The default configuration uses dynamic source management (use-nvmultiurisrcbin=1), which allows adding/removing camera streams at runtime via HTTP API without restarting the application. The max-batch-size parameter sets the upper limit for concurrent streams.

Running on a Custom Dataset#

Adapting MV3DT to a new set of cameras requires camInfo files (camInfo/<sensor_id>.yml) and an MQTT publish/subscribe configuration file (pub_sub_info_config.yml). Each subsection below shows how to generate one of these using the provided utility scripts under tools/rtvi-cv-mv3dt-utils.

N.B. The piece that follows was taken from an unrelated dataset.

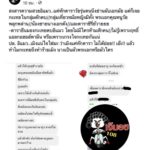 มิ้นต์ ยอมรับ ม่อน น้องชาย อยู่ในกลุ่มต่อยสาวเบ้าตาแตกหน้าผับ เตือนแล้ว มันดื้อ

Update Camera Information Configuration#

For every camera, provide a camInfo file at $VSS_APPS_DIR/industry-profiles/warehouse-operations/warehouse-mv3dt-app/calibration/sample-data/<SAMPLE_VIDEO_DATASET>/camInfo/<sensor_id>.yml. The camInfo/ directory is mounted into the perception container at /tmp/camInfo, so each entry under ObjectModelProjection.cameraModelFilepath in ds-mv3dt-tracker-config.yml references the file using its in-container path:

ObjectModelProjection:
  cameraModelFilepath:
    Camera: /tmp/camInfo/Camera.yml
    Camera_01: /tmp/camInfo/Camera_01.yml
    # ... other cameras ...

A utility script (generate_cam_info_configs.py) is provided under tools/rtvi-cv-mv3dt-utils that converts a single calibration.json into one <sensor_id>.yml per camera. Pass one --class CLASS_ID HEIGHT RADIUS flag per tracked object class to populate modelInfo consistently across all cameras. The following is an example command:

# Under the tools/rtvi-cv-mv3dt-utils directory:
python generate_cam_info_configs.py \
    --calibration-json /path/to/calibration.json \
    --output-dir       ./camInfo \
    --class 0 1.60 0.3 \
    --class 1 1.60 0.3 \
    --class 2 1.60 0.3 \
    --class 3 0.48 0.3 \
    --class 4 0.20  0.52 \
    --class 5 2.20  0.9

Place the generated camInfo/ directory under the calibration sample-data path above so that it is mounted into the container on the next start.

Update Publish/Subscribe Configuration#

Provide a pub_sub_info_config.yml template that declares one publish topic per sensor and subscribes each camera to its actual vision neighbors. If you do not provide a template, the start script auto-generates a fully-connected publish/subscribe graph, which is suitable for small deployments but not recommended for large camera networks.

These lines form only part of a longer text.